[HBR] 160 Meter Coil Data

Walt Hutchens waltah at ntelos.net
Thu Dec 28 12:44:03 EST 2006


Dan said:
> Not sure if you read my earlier post, since you didn't address it.  But, I 
> spent a few hours doing some calculations to design some 160 M coils yesterday.
> 
> It is not necessary to use 3 point tracking to cover just a ham band.  
> Seventy cps tracking is kind of ridiculous when the bandwidth of the front end 
> circuits is probably more than 1000 times that great.  The coil design that I show 
> below (and posted earlier) has a tracking error of 4.5 KHz.  This is called 2 
> point tracking.  It is usually just set at each end of the band, like Ted's 
> alignment procedure.

Dan, I'm sorry -- I wasn't responding to your post and certainly didn't
intend to sound critical -- I've been meaning to blather about the
general subject for several days and just got around to it.  I agree
with you that tracking better than a few kcs is of no great value --
even with a Q of 200 -- higher than a practical 160M coils would have --
you've got a 10 kcs half power bandwidth.

With three parts you can adjust (coil, trimmer, padder) you can take
your choice of a three point fit (name your three points) or any of an
infinite number of two point fits and there are MANY that will be
satisfactory when the tuning range is only ~10%.

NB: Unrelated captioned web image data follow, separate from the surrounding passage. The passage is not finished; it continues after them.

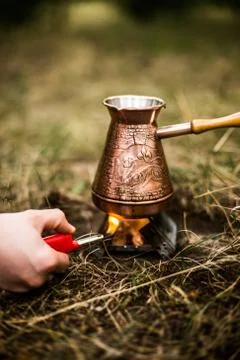 Making coffee while camping on the stove Stock Photos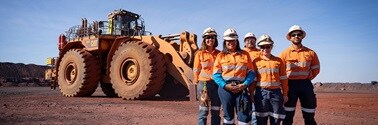 Team in front of dozer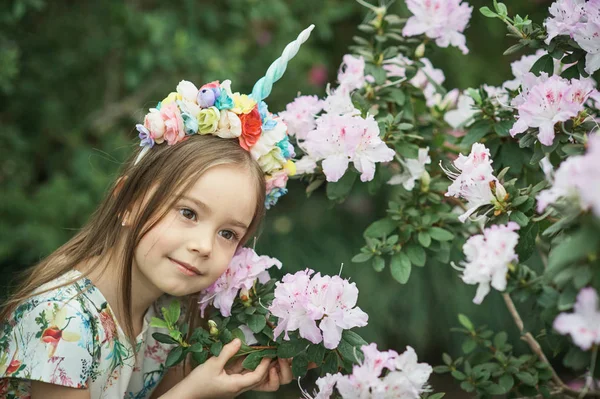 Fantasy little girl with rainbow unicorn horn with flowers in azalea park. for Halloween — Stock Photo, Image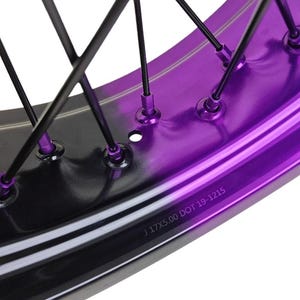 May include: Close-up of a motorcycle wheel rim with a two-tone design. The rim features a glossy purple finish on the inner section and a black outer section. Black spokes connect to the rim. The text "J 17X5.00 DOT 19-1215" is visible.
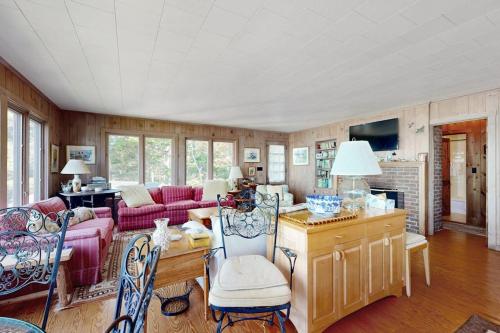 a living room with a couch and a table at Beachfront Delight with detached guesthouse, private beach access, Dog-friendly in Southport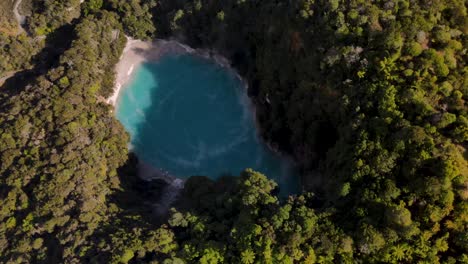 Spectacular-aerial-view-of-Inferno-Crater-Lake,-turquoise-hot-spring-in-Waimangu-Volcanic-Valley,-New-Zealand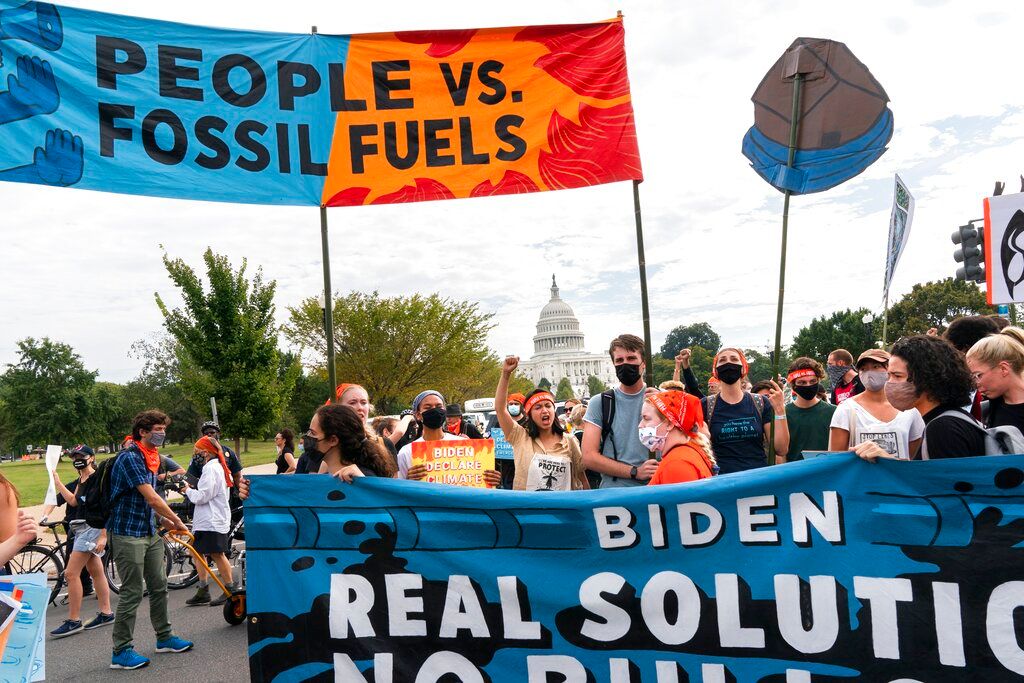 Climate activists resume Capitol protest demanding Joe Biden’s urgent action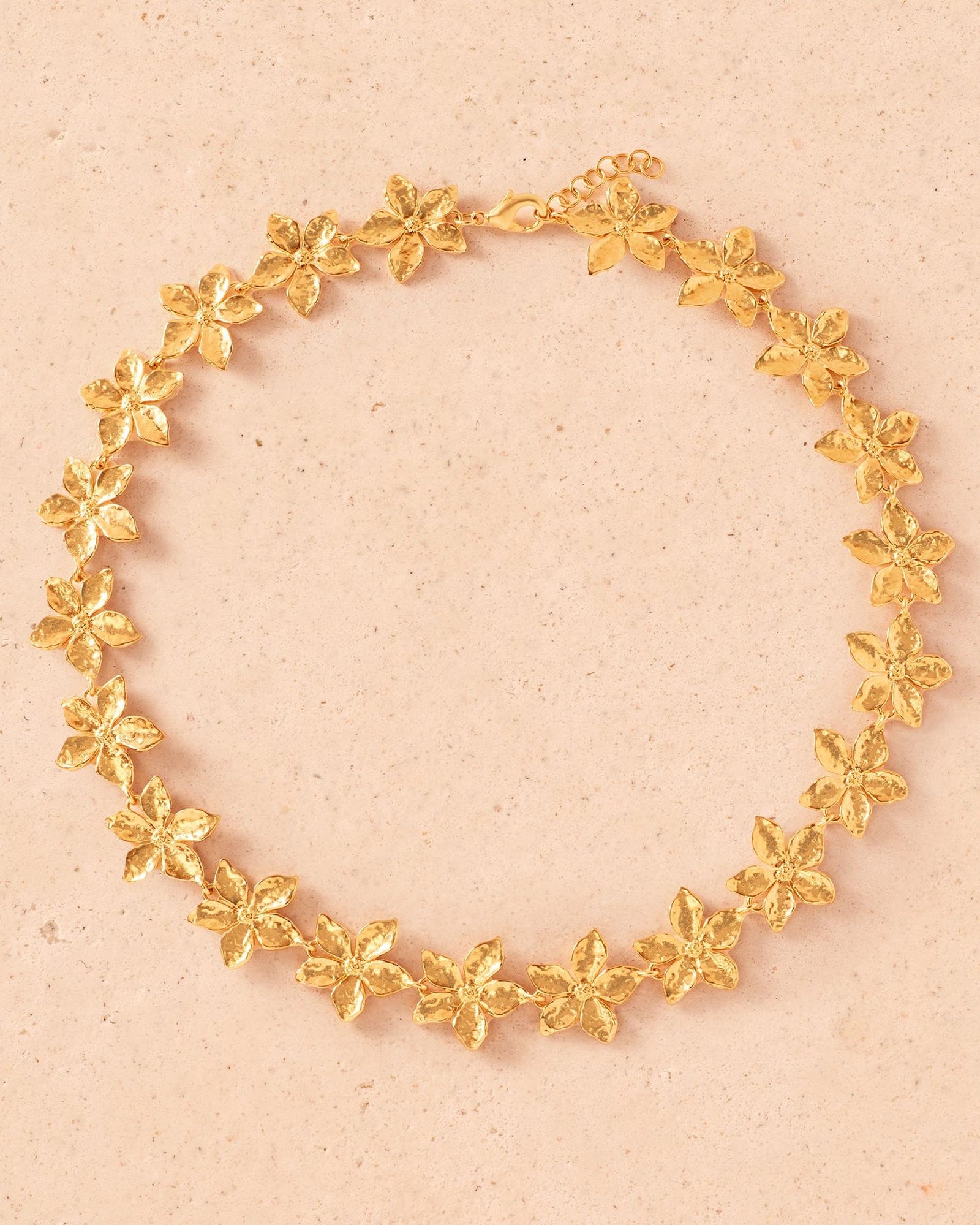 Thalla gold floral choker with hammered five-petal flowers, delicate details, and an adjustable clasp.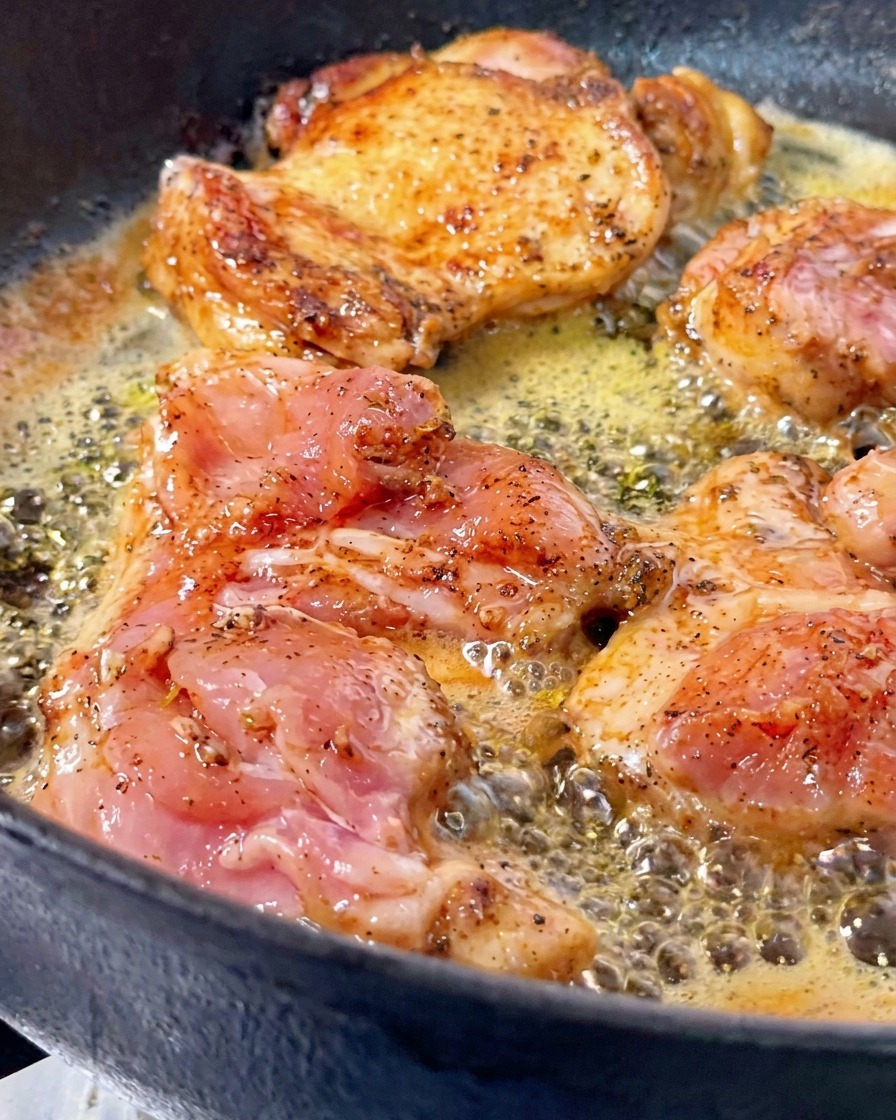 Cosce di pollo cotte nel burro spumeggiante in una padella di ghisa, con un pezzo girato che mostra una crosticina dorata e croccante.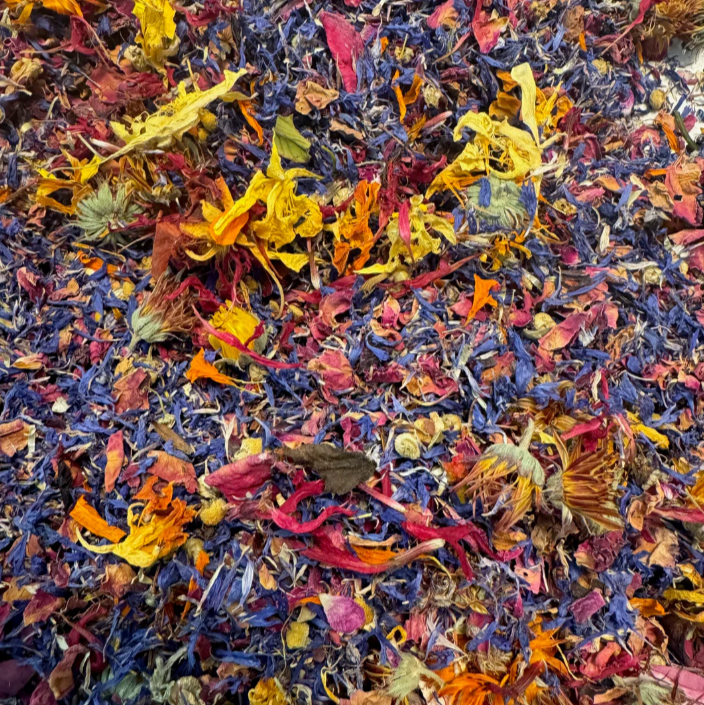 A cream colored tin labeled Edible Flower Mix, with flowers scattered around.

That's actually a good way to understand what's going on.  Over a broad
range you can take ANY inductance and by using the right trimmer and
padder values get a fit at the low and high ends of the range.  The
middle might either be high or low -- or, with the right inductance,
spot on.  So by varying the inductance and compensating the ends with
the trimmer and padder you can get an error curve that varies from a
hump in the middle to a valley in the middle, and passes through a
condition where it looks like an 'S' lying on its side -- zero at both
ends AND in the middle.

(Command receiver calibration and sensitivity can be significantly
improved if you have the patience to tweek the coils as well as the
trimmers, thus getting a three-point fit between the oscillator
frequency and the dial calibration and two points between the antenna
and mixer tuned circuits and the osc.  But these receivers have a much
greater tuning range per band.)

> I used 1.79 to 2.01 MHz and a cap range of 6.6 to 23 pF (Miller Catalog No. 
> 1461-BS).  Try these values in the tracking program and see if the L's and C's 
> that I derived aren't pretty close.
> 
> Here is a repeat of my results:
> 
> 
> L1 and L2 (Antenna and RF):
> 99.74 uH with parallel C of 56.26 pF.

> L3 (Oscillator):
> 15.74 uH with parallel C of 116.2 pF.


For those numbers the program spits out:

Aerial circuit values       Oscillator values

Inductor        99.75 uH    Inductor        18.35 uH
Trimmer         56.26 pF    Trimmer         99.56 pF
                             Padder         195.83 pF

That is claimed to yield a maximum tracking error of 102 cps.  Pretty
close to a three point fit, although it's really just a two point.  In
practice a 200 mmf fixed padder would be plenty close enough if the
inductor and trimmer were variable.

What the program has done is stick in that series padder
(counterintuitive word if you ask me) -- it will do that with all of
these tracking calculations.  The oscillator values you calculated are
those that would give the right end points if the padder was shorted out.

Loosely speaking when you have all three parts in the circuit you adjust
the mid point with the inductance -- it moves everything in the same
proportion.  Then you adjust the low end with the padder and the high
end with the trimmer.  Repeat until satisfied.

But ANY of these answers will work fine, including your no-padder ones.